科学的な成長のセオリーや、「きっかけ」「行動」「報酬」の話、「停滞」の乗り越え方について話をしましたが、その中で「難易度の調整」が非常に鍵を握るという話をしました。

最後に「経験学習サイクル」を回すという話をしていきたいと思います。マネージャーが支援をしても飲み込みが良くないメンバーって、やはり現実にいるわけですよね。教えてもなかなかうまくできない人はいたりします。

じゃあ、これをどういうふうに支援するかということなんですが、逆に「自律的にうまくいっている人ってどうなっているのか?」ということから考えてみましょう。

デービッド・コルブという人が「経験学習サイクル」というコンセプトを提唱しています。まず、人が成長する時には具体的な経験があり、それに対する振り返りをし、そしてキーワード化し、それをまた試してみる。これが繰り返される時に成長がされているということです。

少し具体的な例を挙げてみたいと思います。経験学習サイクルが回っている例と回っていない例です。例えば「商談でいつもと少し違うお客さまの反応があった」という経験があったとします。

経験の後は振り返りですよね。「あれ? いつもの商談に比べて、お客さまが課題を率直に話してくれたな。こんなふうに率直に話していただけることって、いつもはなかなかないんだけど、何が良かったんだろうか?」と振り返ります。

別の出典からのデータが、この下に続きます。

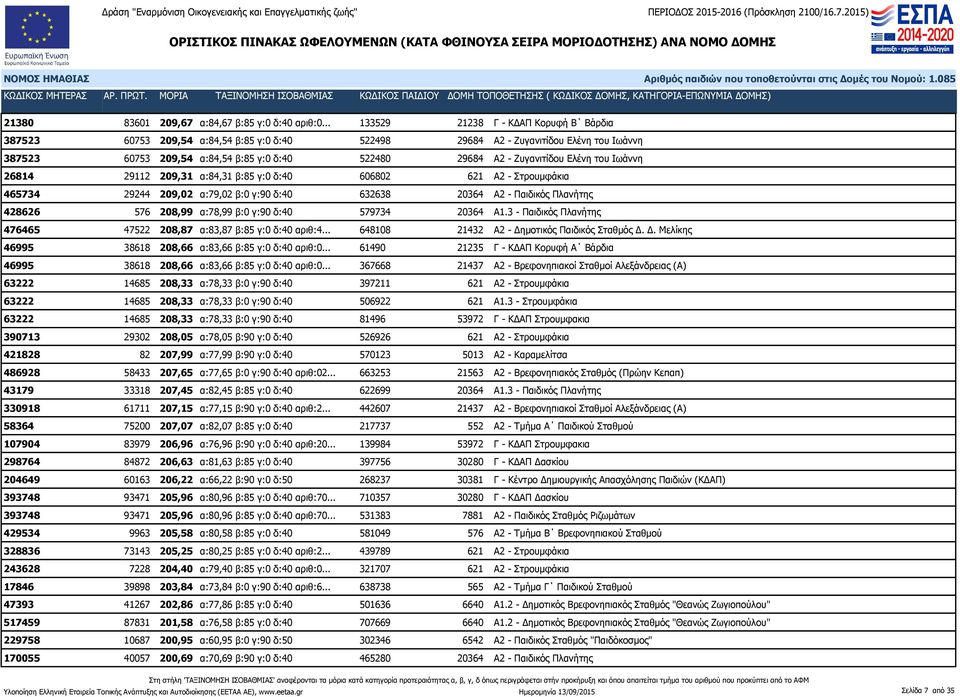 Ζυγανιτίδου Ελένη του Ιωάννη 26814 29112 209,31 α:84,31 β:85 γ:0 δ:40 606802 621 Α2 - Στρουμφάκια 465734 29244 209,02 α:79,02 β:0 γ:90 δ:40 632638 20364 Α2 - Παιδικός Πλανήτης 428626 576 208,99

そして、キーワード化です。「そういえばさっきの商談って、自分から自己開示をしたのが良かったのかもしれないな。じゃあ、次の冒頭の5分間でもう少し自己開示をしてみたら、良いことが起こるかもしれないな」ということです。

これの真逆の例は「忙しくて考える時間がない。さあ次だ」とか。あるいはキーワード化を考えることなく、自分の頭の中にある既存のフレームで考えて終わりになってしまう。そして、「とにかくがんばるだけだ」とか。試す意図や狙いがないわけですね。

タイプ別・サポートの仕方

どうやったら経験学習サイクルがうまく回るのかということなんですが、一言で言うと「具体」と「抽象」の往復が鍵になります。

抽象的なキーワードというのは、例えば「こうすればうまくいく」という成功法則みたいなものですね。「お客さまを理解すればうまくいく」とか「事前準備をちゃんとやればうまくいく」みたいなものです。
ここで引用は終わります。